Für den Monat Adar hat unsere Tradition den Grundsatz aufgestellt: Vom Eintritt des Adar an wird die Freude vermehrt. Die Mischna (Taanit 4, 6) legt fest: "Wenn der Aw anfängt, ist weniger Freude am Platze", und dazu bemerkt der Talmud (Taanit 29a): "Ebenso wie vom Eintritt des Aw an weniger Freude herrschen soll, so ist vom Anfang des Adar an mehr Freude am Platze." Dieser Passus scheint einen Widerspruch zu enthalten, und zwar:
Einerseits wäre aus dem Talmud-Ausdruck "ebenso wie" zu entnehmen, die Hauptsache sei die Verminderung der Freude im Aw, die ja auch spezifisch in der Mischna so erwähnt ist, während die Steigerung der Freude im Adar nur "ebenso wie" ist, also bloß davon abgeleitet.

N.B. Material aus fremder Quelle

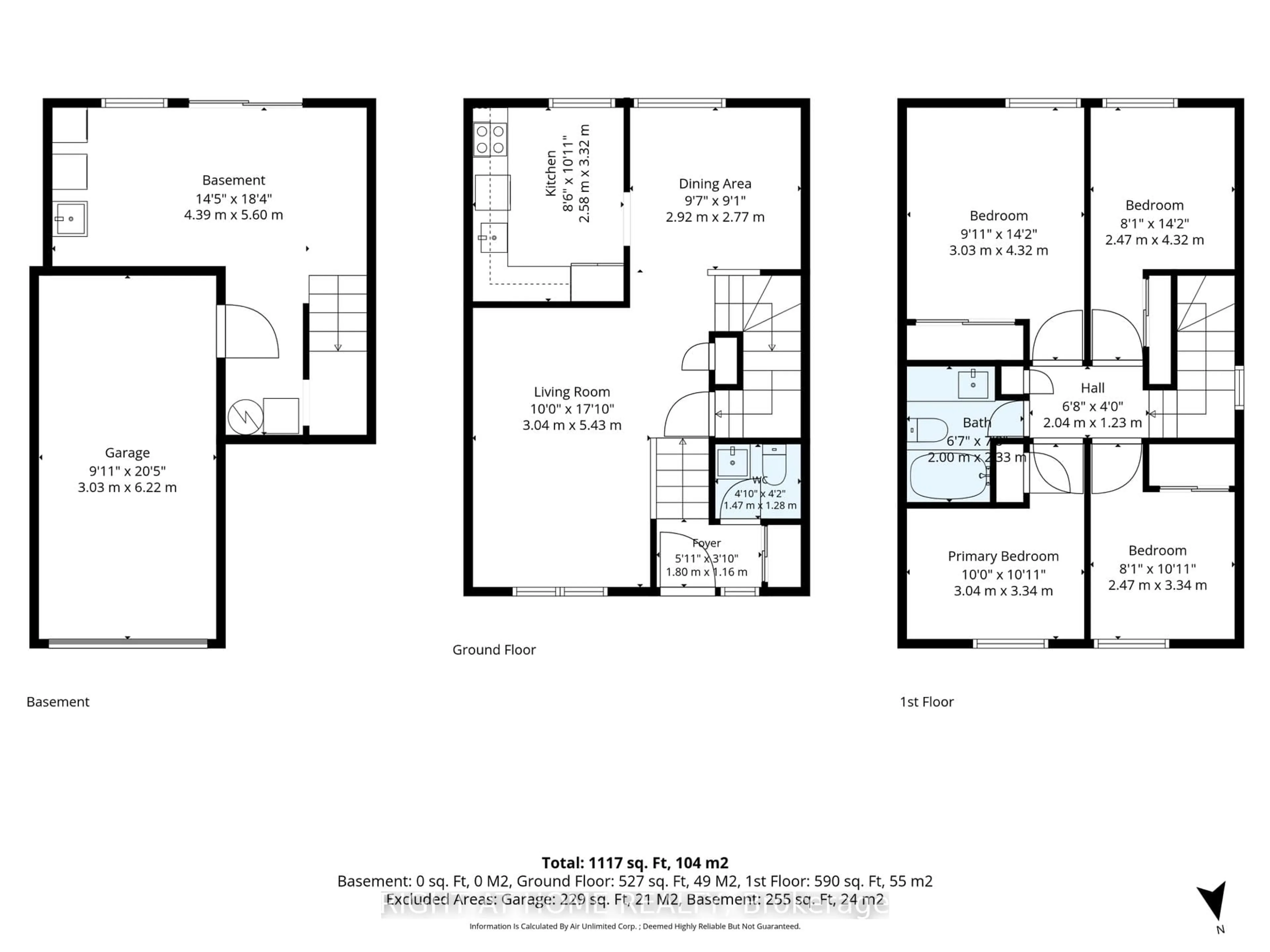 Floor plan for 371 Orton Park Rd #65, Toronto Ontario M1G 3V1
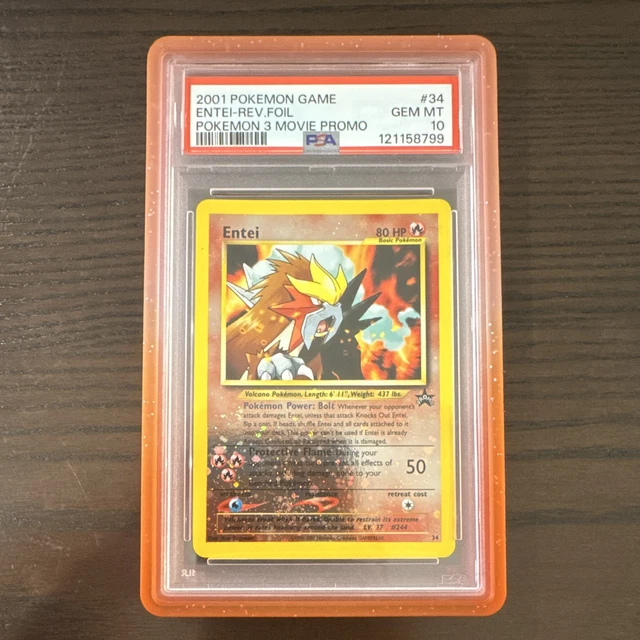 2001 Pokémon TCG Entei 34/53 Wotc Promo Reverse Holo/Reverse Foil PSA 10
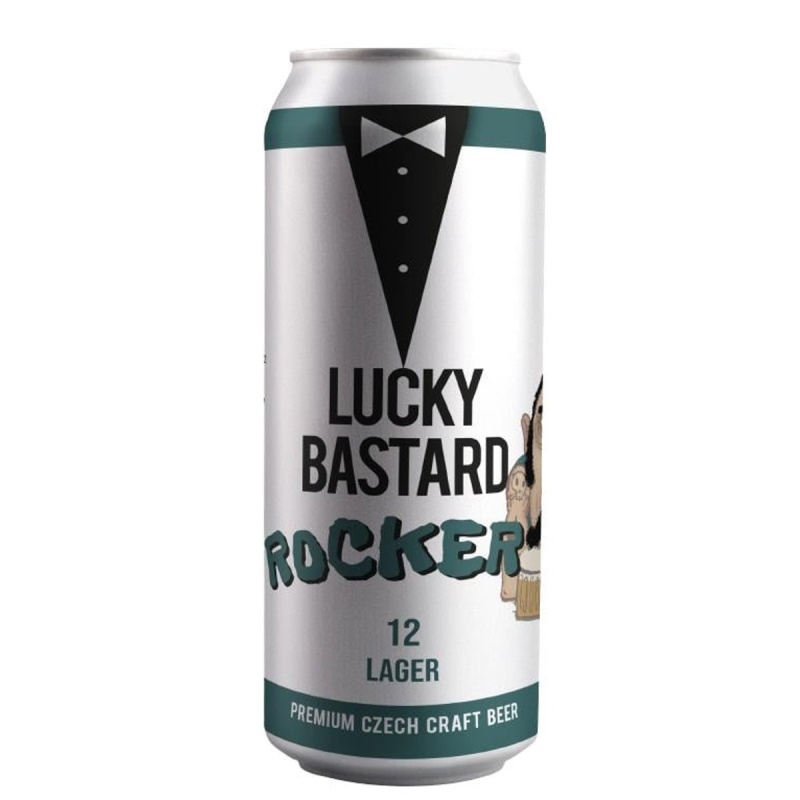 Lucky Bastard Rocker plech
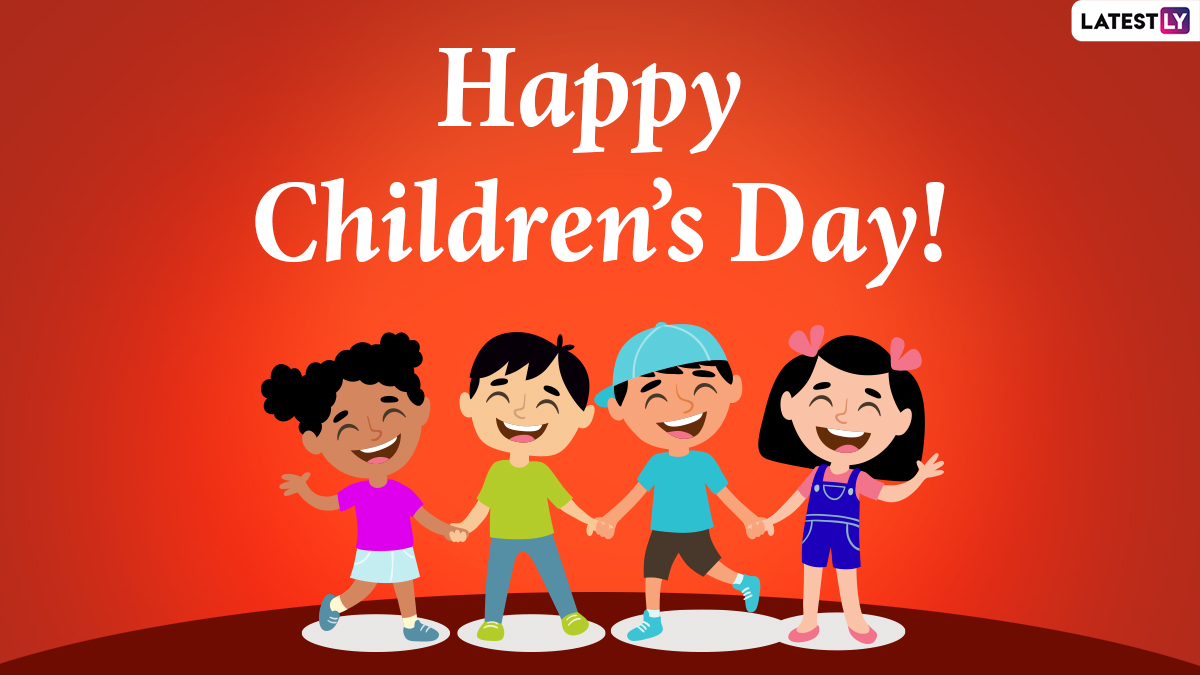Happy Children's Day 2020 Wishes & Bal Diwas HD Images: WhatsApp Stickers,  Facebook Messages, GIF Greetings & SMS to Celebrate Jawaharlal Nehru Birth  Anniversary | 🙏🏻 LatestLY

Andererseits aber ist die Verminderung der Fröhlichkeit im Aw eine beschränkte, sie findet nicht auf jede einzelne Phase des Lebens unbedingte Anwendung. Demgegenüber ist die Fröhlichkeit im Adar unbeschränkt, sie geht so weit, dass man "nicht mehr den Unterschied kennt" (zwischen den zwei Extremen Haman und Mordechai).
Daraus ergibt sich diese Frage: Wenn die ganze Anordnung für Adar nur eine Ableitung (Schlussfolgerung) vom Aw ist, wie lässt sich dann der soeben gezeigte Gradunterschied überhaupt erklären?
Die direkte Antwort lautet: Immer muss man guten Mutes sein (auch im Aw); und wenn man überdies angehalten ist, die Freude noch zu vermehren, so wird diese fast grenzenlos. Die Verringerung hingegen ist beschränkt; es verbleibt am Schluss immer noch ein gewisses Maß von Freude, dem wichtigen Leitsatz gemäß: "Dienet G-tt mit Freude."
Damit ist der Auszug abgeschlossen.